E3 '07: Company of Heroes: Opposing Fronts Impressions
The British and the Panzer Elite get their chance at glory in Relic's highly acclaimed World War II strategy series.
Relic's been on a role with real-time strategy games in recent years. There have been the acclaimed Warhammer 40,000 RTS games, along with Company of Heroes, GameSpot's 2006 PC Game of the Year. A thrilling and revolutionary RTS game, Company of Heroes actually made it feel like World War II was erupting on your screen. Now Relic is reloading with a stand-alone expansion that actually has more content than the original game. And we finally got to see Company of Heroes: Opposing Fronts at the E3 Business and Media Summit.
Like Company of Heroes, Opposing Fronts will introduce two distinct factions. There's the British Army, which is described as defensive specialists, and the Panzer Elite, which represents the fast-moving and hard-hitting units that were responsible for Nazi Germany's famed blitzkrieg style of warfare. Each faction has its own unique campaign, and combined, the single-player experience will offer more missions than the two campaigns in Company of Heroes.

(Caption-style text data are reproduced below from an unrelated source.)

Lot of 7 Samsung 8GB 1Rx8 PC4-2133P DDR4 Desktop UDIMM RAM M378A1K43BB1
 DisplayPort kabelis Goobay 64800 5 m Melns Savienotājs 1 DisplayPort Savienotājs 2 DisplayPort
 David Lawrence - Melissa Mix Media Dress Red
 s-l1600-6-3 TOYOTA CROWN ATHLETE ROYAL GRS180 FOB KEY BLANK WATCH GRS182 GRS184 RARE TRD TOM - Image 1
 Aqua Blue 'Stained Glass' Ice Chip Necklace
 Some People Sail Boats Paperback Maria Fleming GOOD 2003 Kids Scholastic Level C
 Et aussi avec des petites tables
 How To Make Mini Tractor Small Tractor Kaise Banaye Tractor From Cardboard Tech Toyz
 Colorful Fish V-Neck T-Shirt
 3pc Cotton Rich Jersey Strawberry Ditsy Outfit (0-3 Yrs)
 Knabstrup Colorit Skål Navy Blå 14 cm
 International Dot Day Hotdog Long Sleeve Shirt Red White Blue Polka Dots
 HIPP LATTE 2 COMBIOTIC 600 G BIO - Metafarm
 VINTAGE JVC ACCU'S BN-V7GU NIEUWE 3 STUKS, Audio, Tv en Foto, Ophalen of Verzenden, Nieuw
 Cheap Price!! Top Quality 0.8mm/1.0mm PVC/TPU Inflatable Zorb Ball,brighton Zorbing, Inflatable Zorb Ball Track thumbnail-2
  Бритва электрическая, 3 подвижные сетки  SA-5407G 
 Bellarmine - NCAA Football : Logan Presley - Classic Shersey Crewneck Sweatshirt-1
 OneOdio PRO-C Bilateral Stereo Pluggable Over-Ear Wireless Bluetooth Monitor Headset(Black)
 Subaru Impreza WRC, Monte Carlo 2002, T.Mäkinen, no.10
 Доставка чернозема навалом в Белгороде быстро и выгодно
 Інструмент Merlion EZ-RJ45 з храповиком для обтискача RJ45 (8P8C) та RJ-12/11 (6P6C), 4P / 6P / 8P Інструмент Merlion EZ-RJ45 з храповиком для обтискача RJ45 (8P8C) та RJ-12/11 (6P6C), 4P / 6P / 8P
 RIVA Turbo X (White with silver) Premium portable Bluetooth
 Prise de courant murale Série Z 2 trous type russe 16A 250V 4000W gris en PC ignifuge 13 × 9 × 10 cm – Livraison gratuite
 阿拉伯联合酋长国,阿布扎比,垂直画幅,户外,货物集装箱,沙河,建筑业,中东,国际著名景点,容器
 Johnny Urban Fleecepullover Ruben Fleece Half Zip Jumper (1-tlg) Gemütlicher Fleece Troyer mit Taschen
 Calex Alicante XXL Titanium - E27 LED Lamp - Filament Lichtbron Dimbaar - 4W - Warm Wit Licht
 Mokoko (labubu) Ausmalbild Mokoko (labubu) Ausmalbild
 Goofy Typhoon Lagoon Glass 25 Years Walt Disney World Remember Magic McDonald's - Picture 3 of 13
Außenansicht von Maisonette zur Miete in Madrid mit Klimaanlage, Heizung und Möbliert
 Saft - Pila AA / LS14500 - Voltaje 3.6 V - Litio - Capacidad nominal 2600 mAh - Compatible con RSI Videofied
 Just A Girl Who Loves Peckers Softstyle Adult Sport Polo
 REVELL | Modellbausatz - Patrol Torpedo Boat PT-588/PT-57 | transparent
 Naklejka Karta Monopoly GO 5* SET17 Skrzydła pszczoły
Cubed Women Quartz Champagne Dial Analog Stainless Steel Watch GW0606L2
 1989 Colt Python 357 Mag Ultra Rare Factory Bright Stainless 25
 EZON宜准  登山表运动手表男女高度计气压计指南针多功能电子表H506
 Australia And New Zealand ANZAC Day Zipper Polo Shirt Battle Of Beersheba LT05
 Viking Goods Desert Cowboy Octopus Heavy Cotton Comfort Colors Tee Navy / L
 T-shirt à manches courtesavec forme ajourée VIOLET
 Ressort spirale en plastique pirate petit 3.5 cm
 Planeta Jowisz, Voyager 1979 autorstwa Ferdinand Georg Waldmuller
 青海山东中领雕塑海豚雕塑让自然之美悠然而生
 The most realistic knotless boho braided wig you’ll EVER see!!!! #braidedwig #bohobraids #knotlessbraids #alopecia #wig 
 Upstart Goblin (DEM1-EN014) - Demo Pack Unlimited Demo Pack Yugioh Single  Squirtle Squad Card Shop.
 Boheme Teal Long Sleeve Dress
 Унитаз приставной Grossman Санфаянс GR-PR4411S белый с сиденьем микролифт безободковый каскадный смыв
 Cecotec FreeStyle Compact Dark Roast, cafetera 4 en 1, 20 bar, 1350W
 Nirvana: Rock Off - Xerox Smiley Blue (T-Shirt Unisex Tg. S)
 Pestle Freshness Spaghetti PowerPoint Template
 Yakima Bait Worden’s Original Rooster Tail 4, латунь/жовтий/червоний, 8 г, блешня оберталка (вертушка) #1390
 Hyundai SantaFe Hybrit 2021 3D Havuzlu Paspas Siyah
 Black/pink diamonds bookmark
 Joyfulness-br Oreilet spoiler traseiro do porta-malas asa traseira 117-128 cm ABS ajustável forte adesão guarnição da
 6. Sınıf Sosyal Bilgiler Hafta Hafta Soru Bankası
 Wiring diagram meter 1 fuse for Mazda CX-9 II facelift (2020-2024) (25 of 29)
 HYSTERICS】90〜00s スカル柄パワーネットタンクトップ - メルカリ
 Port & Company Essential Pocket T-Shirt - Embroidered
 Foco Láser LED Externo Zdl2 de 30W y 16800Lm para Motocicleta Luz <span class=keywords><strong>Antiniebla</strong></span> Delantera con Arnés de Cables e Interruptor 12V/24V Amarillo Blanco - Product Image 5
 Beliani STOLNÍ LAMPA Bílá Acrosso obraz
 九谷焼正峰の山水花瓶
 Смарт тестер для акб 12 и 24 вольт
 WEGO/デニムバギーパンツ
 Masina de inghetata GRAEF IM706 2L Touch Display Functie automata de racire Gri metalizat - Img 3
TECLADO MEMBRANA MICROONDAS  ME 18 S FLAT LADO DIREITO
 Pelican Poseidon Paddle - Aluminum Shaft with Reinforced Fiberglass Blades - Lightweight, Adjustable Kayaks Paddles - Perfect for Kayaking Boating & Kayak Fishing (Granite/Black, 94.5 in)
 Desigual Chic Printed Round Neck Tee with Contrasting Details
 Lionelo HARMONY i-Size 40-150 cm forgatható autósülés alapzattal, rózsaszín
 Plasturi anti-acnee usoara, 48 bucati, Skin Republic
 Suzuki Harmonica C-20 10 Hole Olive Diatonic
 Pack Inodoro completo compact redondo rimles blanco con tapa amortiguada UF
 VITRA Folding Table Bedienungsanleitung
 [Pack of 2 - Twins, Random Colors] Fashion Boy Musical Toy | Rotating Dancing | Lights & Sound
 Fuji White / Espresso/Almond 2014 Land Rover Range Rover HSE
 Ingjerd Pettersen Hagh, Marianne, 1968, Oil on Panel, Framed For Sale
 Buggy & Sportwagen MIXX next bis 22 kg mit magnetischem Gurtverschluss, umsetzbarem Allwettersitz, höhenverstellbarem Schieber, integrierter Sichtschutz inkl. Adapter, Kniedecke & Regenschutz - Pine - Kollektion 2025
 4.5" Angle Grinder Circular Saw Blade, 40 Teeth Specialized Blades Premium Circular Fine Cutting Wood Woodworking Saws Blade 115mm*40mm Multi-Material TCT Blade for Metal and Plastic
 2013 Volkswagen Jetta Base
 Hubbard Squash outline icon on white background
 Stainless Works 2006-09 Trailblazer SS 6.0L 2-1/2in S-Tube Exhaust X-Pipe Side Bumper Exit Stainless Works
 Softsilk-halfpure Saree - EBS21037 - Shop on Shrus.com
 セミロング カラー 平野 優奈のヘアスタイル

Lead designer Josh Mosqueira walked us through some of the key upgrades and features. Opposing Fronts will introduce DirectX 10 native graphics (it will also be playable in DirectX 9), dynamic weather, dynamic time of day, as well as the ability to change the time of day in multiplayer matches. The two new factions are quite distinct from the American and regular German Army (Wehrmacht) factions from the original game. The Brits are a mobile force designed for those who like to "turtle," or play defensively. British structures can pack it up and roll to a new position to deploy. In fact, that's the way the British headquarters works. Even better, by doing so, it automatically boosts all resource nodes around it, as if they were fortified. You can also research new technologies that allow you to increase the resource rate, so it's possible that you can thrive with only a handful of nodes, as opposed to the other factions that must expand and hold vast amounts of land.
There are some other interesting aspects of the Brits. They specialize in defense, so they get defensive structures that other factions don't have, like slit trenches and mortar emplacements. British infantry are also more versatile than most. Having been fighting for so many years, they're a bit more experienced than other infantry. You can also specialize them by giving them either a sniper rifle, a Vickers machine gun, or rifle grenades. Perhaps the coolest aspect are some of the glider troops. You can deliver not only rifle squads, but also light tanks via glider.
The Panzer Elite are a hard-hitting, vehicle-based army. Many functions that the other factions rely on infantry for are replaced with vehicles, so there are plenty of thin-skinned scout vehicles and half-tracks. You can actually choose what type of infantry to board halftracks, so by putting a Panzershrek (a bazooka) in the back of a half-track, you suddenly have an anti-armor platform. Put a MG42 team, and you have a mobile machine gun. The Panzer Elite also get some of the toughest armor in the game, assuming it can survive long enough to get them. We're talking about King Tigers and Jagdpanthers, or tank killers. These are monsters on the battlefield, even more so thanks to the improved artificial intelligence. We saw heavy armor actually use cover more effectively, making sure to put rubble and other obstacles between it and the enemy.
Opposing Forces looks sharp, and it'll deliver plenty of new thrills to the highly competitive multiplayer community. We'll see it ship in November.